Trotz des positiven Trends der letzten Monate und des sich stabilisierenden Geschäfts bleibt Rational in der Vorausschau vorsichtig. „In einem normalen wirtschaftlichen Umfeld würden wir ein höheres Umsatzniveau im vierten Quartal erwarten. Dies wird getrieben durch die Anreizsysteme für unsere Händler und Vertriebsmitarbeiter und dadurch, dass viele Kunden unterjährig aufgesparte Budgets noch zum Jahresende für Investitionen nutzen“, erklärt der Vorstandschef. Diese positiven Effekte erwartet er in diesem Jahr zumindest nicht, da Budgets vielfach eingefroren wurden bzw. vereinbarte Vertriebsziele nicht mehr erreichbar sind.

Zudem bleibt der Zeithorizont der Pandemie und noch folgenschwerer derjenige der Gegenmaßnahmen unbekannt. In der Herbst- und Wintersaison wird in Europa und Nordamerika das Außengeschäft für die Gastronomie wegfallen oder deutlich reduziert. Bei anhaltenden Einschränkungen der Platzbelegung und umfangreichen Hygienemaßnahmen sowie drohenden Verschärfungen der Maßnahmen, die in vielen Ländern angekündigt oder bereits eingeführt wurden, sind dies wesentliche Unsicherheitsfaktoren für das vierte Quartal 2020.

Langfristiger Ausblick bleibt positiv

Vorhersagen für die künftige Entwicklung sind aus den beschriebenen Gründen mit großer Unsicherheit behaftet. „Eine seriöse Prognose zur weiteren Entwicklung des aktuellen Jahres und damit auch des gesamten Geschäftsjahres 2020 ist jetzt, wo vielerorts strengere Maßnahmen angeordnet werden, nicht möglich“, sagt Stadelmann. Das Potenzial für die Produkte des Hersteller sei kurzfristig durch die Krise leicht reduziert worden, bleibe aber nach Einschätzung des Vorstandschefs hoch. „Auch wenn Menschen nicht mehr so viel im Restaurant, dem Flugzeug oder in der Firmenkantine essen, so werden Sie doch weiter hungrig sein. Sie werden sich stattdessen etwas liefern lassen oder unterwegs etwas Warmes mitnehmen.
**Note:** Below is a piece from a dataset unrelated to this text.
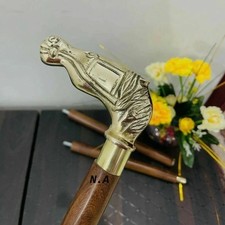Handmade Brass Handle Victorian Horse Head Vintage Wooden Walking Stick Cane New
Die Nachfrage bleibt - Ort und Art der Verpflegung ändern sich“, erklärt Stadelmann.

Die Krise wird Anforderungen der Profiküche an Hygiene und Effizienz steigern und den Technologien von Rational einen noch stärkeren Wettbewerbsvorteil bringen, der Fachkräftemangel in der Küche wird sich weiter verschärfen. Der Einsatz vielseitiger, intelligenter und effizienter Gartechnologie wird noch wichtiger werden. Einige Kundenbereiche werden von staatlichen Hilfsprogrammen profitieren. Investitionen in das Gesundheits- und Bildungswesen führen, wie nach der Finanzkrise, zu einem Nachfrageplus in der Gewerbeküchenindustrie.

Derzeit arbeitet Rational an zahlreichen Projekten, um Lerneffekte aus der Krise mitzunehmen und die Effizienz der Prozesse zu steigern. „Unsere konservative Art, das Geschäft zu betreiben und zu führen, garantiert uns in der Krise Handlungsspielraum und -hoheit. Nicht alle unsere Wettbewerber haben diese vorteilshafte Ausgangslage", ist Stadelmann optimistisch.